I don't know about anyone else, but I've always been encouraged to think of Italy as the land of the Renaissance; which is problematic because it's not at all clear that many people outside the academic art scholarship world know what the Renaissance actually is. A lot of what popular culture calls "Renaissance art" is actually baroque (Bernini, for example, and his remodelling of Rome), and the beginnings of it (was it Giotto the painter? Leonardo the visionary? Brunelleschi the architect? Who started?) are equally shrouded in uncertainty.

I had a funny interlude with my best friend on a recent trip to Italy, when she asked me when the Renaissance started, and, due to an intellectual failure on my part, I couldn’t quite describe the synthesis created by a near-simultaneous explosion in painting, sculpture, architecture, literature and poetry; an explosion which in turn stemmed from a deep shift in attitudes in favour of what we now call humanism (which has got not much at all to do with the human, and lots to do with the ClassicalRome and Greece, that is). Exasperated by what I saw as her wilful ignorance of the historical connections between Dante and Michelangelo, whatever I thought at that moment those obviously were, I eventually blurted out "well, it's not as if they had an opening ceremony, you know!"
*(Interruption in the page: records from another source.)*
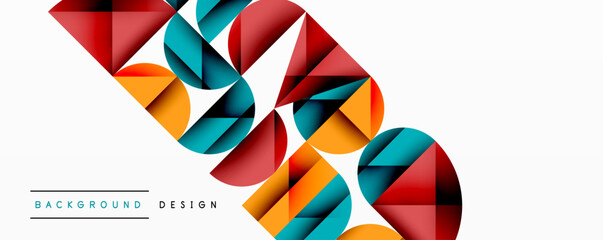 Minimal geometric abstract background. Circle square and triangle design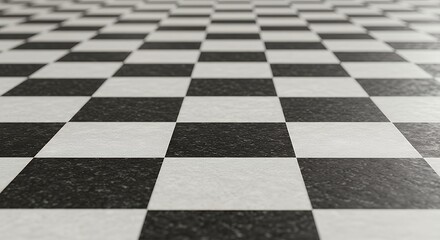 Empty checkered table backdrop 3d illustration image.
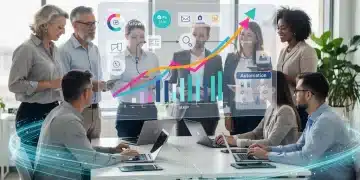 Small business owners reviewing AI automation dashboards for efficiency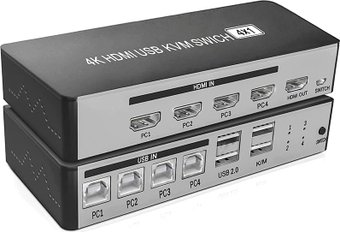 KVM переключатель USBTOP 4K HDMI USB Type-A/USB Type-B х4 - 1/1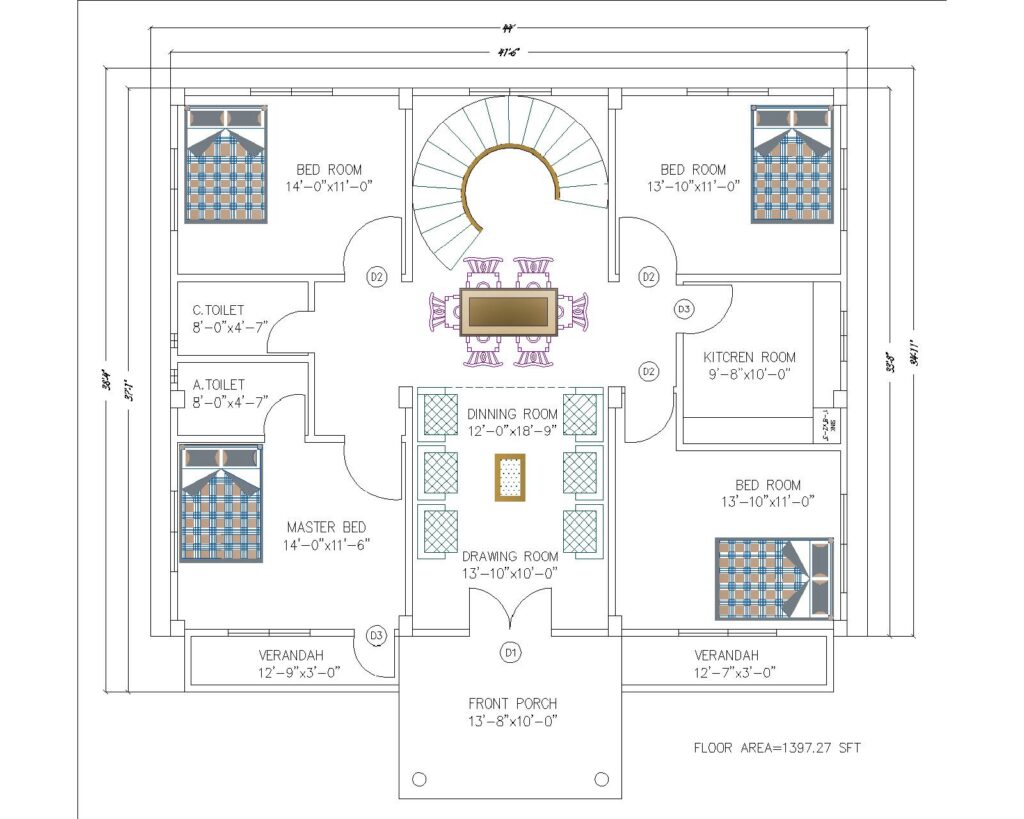 4BHK Duplex house design
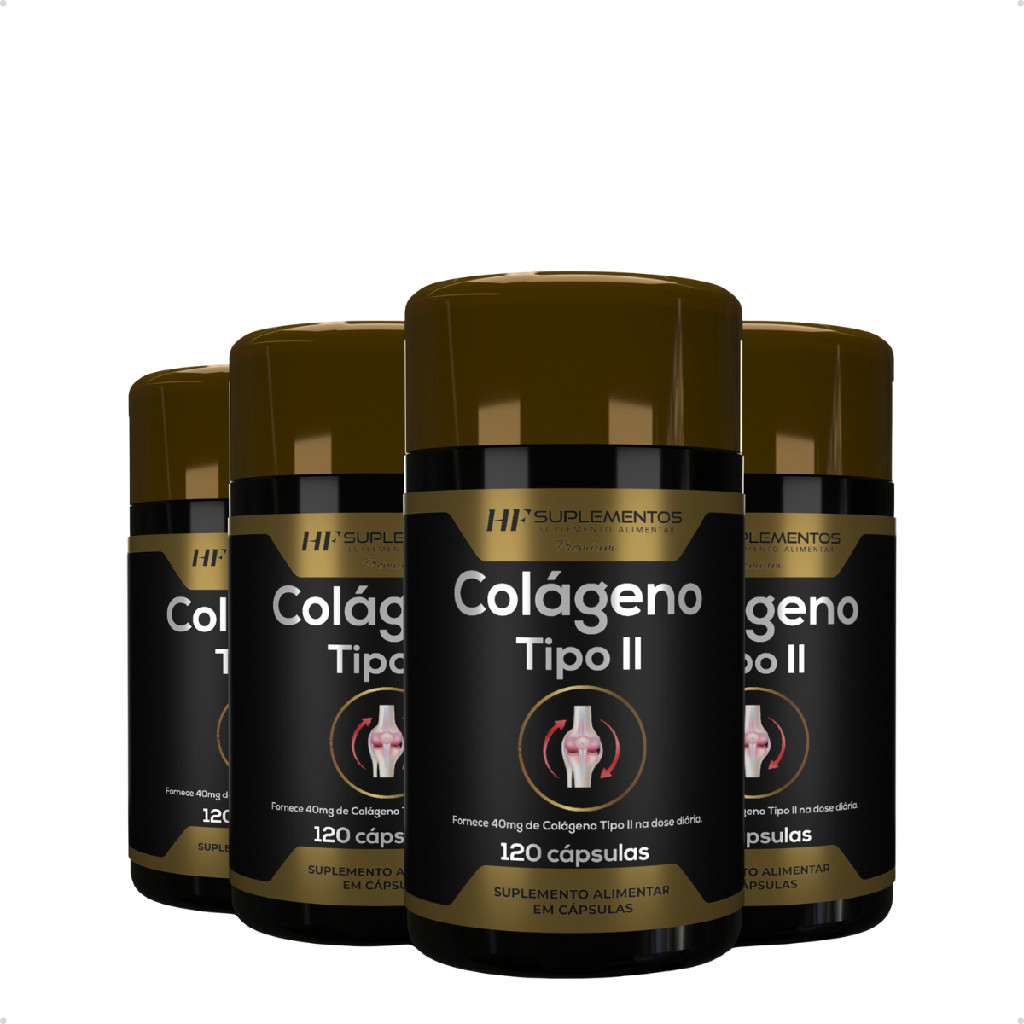 Kit 4 Potes Colágeno Tipo II 120 cápsulas HF Suplementos – Suporte às articulações e bem-estar!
The point being, these two facts - that Italy is uniquely and inescapably linked to the Cinquecento Renaissance in art and literature, and that few people are in a position to know it when they see it - coexist quite happily it seems, and play a big part in the official Italian tourist advertising effort (which is just huge, it being one of the country's most important industries). I think this links in with what I said in an earlier post about parts of Italy feeling like a theme park - a Renaissance theme park as it happens.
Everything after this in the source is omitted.